__SUPPLIED MATERIAL__
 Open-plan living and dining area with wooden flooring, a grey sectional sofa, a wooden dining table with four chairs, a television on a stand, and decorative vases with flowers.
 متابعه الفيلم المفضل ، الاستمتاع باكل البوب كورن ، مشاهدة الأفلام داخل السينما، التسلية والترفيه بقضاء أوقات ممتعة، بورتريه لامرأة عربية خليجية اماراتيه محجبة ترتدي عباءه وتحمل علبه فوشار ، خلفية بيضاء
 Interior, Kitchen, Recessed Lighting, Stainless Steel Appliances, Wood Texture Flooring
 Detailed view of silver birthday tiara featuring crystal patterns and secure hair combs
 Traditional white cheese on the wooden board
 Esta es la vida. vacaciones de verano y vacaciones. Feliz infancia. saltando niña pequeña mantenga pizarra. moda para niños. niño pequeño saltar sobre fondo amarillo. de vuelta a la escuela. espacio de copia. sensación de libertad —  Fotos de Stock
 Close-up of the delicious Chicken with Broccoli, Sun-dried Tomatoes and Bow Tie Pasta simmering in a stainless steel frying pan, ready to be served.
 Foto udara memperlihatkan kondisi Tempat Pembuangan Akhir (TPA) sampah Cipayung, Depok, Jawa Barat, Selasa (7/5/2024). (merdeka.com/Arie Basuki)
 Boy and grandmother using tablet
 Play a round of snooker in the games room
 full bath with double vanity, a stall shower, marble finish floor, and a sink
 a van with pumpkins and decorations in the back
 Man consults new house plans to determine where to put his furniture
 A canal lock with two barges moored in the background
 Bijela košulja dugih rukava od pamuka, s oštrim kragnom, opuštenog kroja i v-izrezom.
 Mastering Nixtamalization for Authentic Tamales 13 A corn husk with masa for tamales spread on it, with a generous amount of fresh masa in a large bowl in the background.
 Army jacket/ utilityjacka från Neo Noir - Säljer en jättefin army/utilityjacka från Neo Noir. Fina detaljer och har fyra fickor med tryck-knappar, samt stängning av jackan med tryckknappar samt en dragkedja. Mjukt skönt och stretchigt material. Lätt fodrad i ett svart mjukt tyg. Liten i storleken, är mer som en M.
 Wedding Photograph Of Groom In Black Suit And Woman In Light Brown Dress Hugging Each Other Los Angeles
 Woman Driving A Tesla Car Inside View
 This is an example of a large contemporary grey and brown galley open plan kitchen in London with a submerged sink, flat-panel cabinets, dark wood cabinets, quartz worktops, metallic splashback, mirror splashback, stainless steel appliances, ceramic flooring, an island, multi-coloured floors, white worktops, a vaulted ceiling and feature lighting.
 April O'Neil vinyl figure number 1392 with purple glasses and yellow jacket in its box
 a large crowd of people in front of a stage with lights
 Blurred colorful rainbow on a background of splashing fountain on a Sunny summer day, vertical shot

__WORK INSTRUCTION__
Please copy every line of the records above in which "grey" appears.

__ANSWER TO THE EXERCISE__
 Open-plan living and dining area with wooden flooring, a grey sectional sofa, a wooden dining table with four chairs, a television on a stand, and decorative vases with flowers.
 This is an example of a large contemporary grey and brown galley open plan kitchen in London with a submerged sink, flat-panel cabinets, dark wood cabinets, quartz worktops, metallic splashback, mirror splashback, stainless steel appliances, ceramic flooring, an island, multi-coloured floors, white worktops, a vaulted ceiling and feature lighting.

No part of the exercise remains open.